# [Task material]
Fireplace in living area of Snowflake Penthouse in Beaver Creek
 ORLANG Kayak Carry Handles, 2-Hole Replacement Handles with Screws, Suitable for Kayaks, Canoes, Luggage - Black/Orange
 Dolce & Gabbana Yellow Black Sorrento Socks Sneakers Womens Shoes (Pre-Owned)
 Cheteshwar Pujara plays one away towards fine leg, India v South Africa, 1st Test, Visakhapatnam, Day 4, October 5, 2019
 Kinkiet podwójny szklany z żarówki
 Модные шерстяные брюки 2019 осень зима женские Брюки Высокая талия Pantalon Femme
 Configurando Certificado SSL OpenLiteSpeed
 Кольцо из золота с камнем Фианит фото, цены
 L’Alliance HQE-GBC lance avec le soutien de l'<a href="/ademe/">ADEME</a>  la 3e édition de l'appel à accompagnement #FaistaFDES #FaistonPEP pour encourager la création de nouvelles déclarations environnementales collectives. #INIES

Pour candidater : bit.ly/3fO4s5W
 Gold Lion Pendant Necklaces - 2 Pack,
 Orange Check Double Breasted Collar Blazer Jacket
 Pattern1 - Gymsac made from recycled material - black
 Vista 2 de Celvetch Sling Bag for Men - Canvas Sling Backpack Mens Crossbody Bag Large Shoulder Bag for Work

# [Problem to work on]
A verbatim restatement of all the entries above is required.

# [Response below]
Fireplace in living area of Snowflake Penthouse in Beaver Creek
 ORLANG Kayak Carry Handles, 2-Hole Replacement Handles with Screws, Suitable for Kayaks, Canoes, Luggage - Black/Orange
 Dolce & Gabbana Yellow Black Sorrento Socks Sneakers Womens Shoes (Pre-Owned)
 Cheteshwar Pujara plays one away towards fine leg, India v South Africa, 1st Test, Visakhapatnam, Day 4, October 5, 2019
 Kinkiet podwójny szklany z żarówki
 Модные шерстяные брюки 2019 осень зима женские Брюки Высокая талия Pantalon Femme
 Configurando Certificado SSL OpenLiteSpeed
 Кольцо из золота с камнем Фианит фото, цены
 L’Alliance HQE-GBC lance avec le soutien de l'<a href="/ademe/">ADEME</a>  la 3e édition de l'appel à accompagnement #FaistaFDES #FaistonPEP pour encourager la création de nouvelles déclarations environnementales collectives. #INIES

Pour candidater : bit.ly/3fO4s5W
 Gold Lion Pendant Necklaces - 2 Pack,
 Orange Check Double Breasted Collar Blazer Jacket
 Pattern1 - Gymsac made from recycled material - black
 Vista 2 de Celvetch Sling Bag for Men - Canvas Sling Backpack Mens Crossbody Bag Large Shoulder Bag for Work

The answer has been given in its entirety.